MoLE - Modalix Language Model Evaluator

Overview

MoLE (Modalix Language Model Evaluator) is a benchmarking tool for evaluating the accuracy and performance of LLMs running on the Modalix platform.

It extends EleutherAI’s lm-evaluation-harness and supports two backends:

hf — runs evaluation on the host using HuggingFace transformers (baseline reference)
modalix — runs evaluation on a Modalix board via the llima benchmark-server

Installation

MoLE requires LLiMa to be installed on the Modalix device first. See Introduction to LLiMa for installation instructions.

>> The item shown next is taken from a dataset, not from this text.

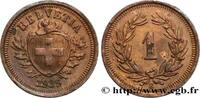 SWITZERLAND 1 Centime (Rappen) Croix Suisse SWITZERLAND Berne 1939 (16mm, 1,50g, 12h) -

Install MoLE on your Modalix device using the sima-cli:

host:~$ sima-cli install tools/mole

This installs MoLE into a virtual environment at ~/sima-mole-venv.

Usage

First, activate the MoLE virtual environment:

host:~$ source ~/sima-mole-venv/bin/activate

MoLE is then invoked via the llima-benchmark CLI with two subcommands. The <model_id> argument is always the HuggingFace model ID (e.g., meta-llama/Llama-3.2-3B-Instruct).

Accuracy Benchmarking

Evaluates model quality against standard tasks:

(sima-mole-venv) host:~$ llima-benchmark accuracy <model_id> -b modalix \
    -t <task> \
    -o <output_dir> \
    --max_num_tokens <max_num_tokens> \
    --board_ip <board_ip> \
    --board_model <model_path_on_board>

Argument	Description
`model_id`	HuggingFace model ID (e.g., `meta-llama/Llama-3.2-3B-Instruct`).
`-b`	Backend to use: `modalix` (run on board) or `hf` (run on host as reference baseline).
`-t`	Required. One or more evaluation tasks. Example tasks: `hellaswag`, `triviaqa`, `piqa`, `winogrande`, `wikitext`. See the task list for all available tasks.
`-o`	Output directory for benchmark results.
`--board_ip`	IP address of the Modalix board. Required for `-b modalix`.
`--board_model`	Path to the compiled model directory on the Modalix device (e.g., `/media/nvme/llima/models/Llama-3.2-3B-Instruct-a16w4`). Required for `-b modalix`.
`--max_num_tokens`	Maximum context length. Must be equal to or smaller than the value used during compilation.
`-n, --num_samples`	Number of samples to evaluate. Runs the full task set if not specified.
`--board_ssh_user`	SSH username for the Modalix board. Optional, default: `sima`. #
`--board_ssh_pass`	SSH password for the Modalix board. Optional. Set to enable non-interactive automated benchmarking.

Important

Accuracy benchmarking with -b modalix requires the model to be compiled with the --return_logits flag (see GenAI Model Compilation). If the model was compiled without this flag, benchmarking will fail at runtime.

To use the HuggingFace backend as a reference baseline:

(sima-mole-venv) host:~$ llima-benchmark accuracy <model_id> -b hf -t <task> -o <output_dir>

For all available options, run llima-benchmark accuracy -h.

Performance Benchmarking

Measures Time To First Token (TTFT) and Tokens Per Second (TPS) on a Modalix board for different input lengths:

(sima-mole-venv) host:~$ llima-benchmark perf <model_id> \
    -o <output_dir> \
    --board_ip <board_ip> \
    --board_model <model_path_on_board> \
    --max_num_tokens <max_num_tokens> --max_new_tokens <max_new_tokens>

Argument	Description
`model_id`	HuggingFace model ID (e.g., `meta-llama/Llama-3.2-3B-Instruct`).
`-o`	Output directory for benchmark results.
`--board_ip`	IP address of the Modalix board.
`--board_model`	Path to the compiled model directory on the Modalix device (e.g., `/media/nvme/llima/models/Llama-3.2-3B-Instruct-a16w4`).
`--max_num_tokens`	Maximum context length. Must be equal to or smaller than the value used during compilation.
`--max_new_tokens`	Maximum number of tokens to generate in the output.
`--board_ssh_user`	SSH username for the Modalix board. Optional, default: `sima`.
`--board_ssh_pass`	SSH password for the Modalix board. Optional. Set to enable non-interactive automated benchmarking.

For all available options, run llima-benchmark perf -h.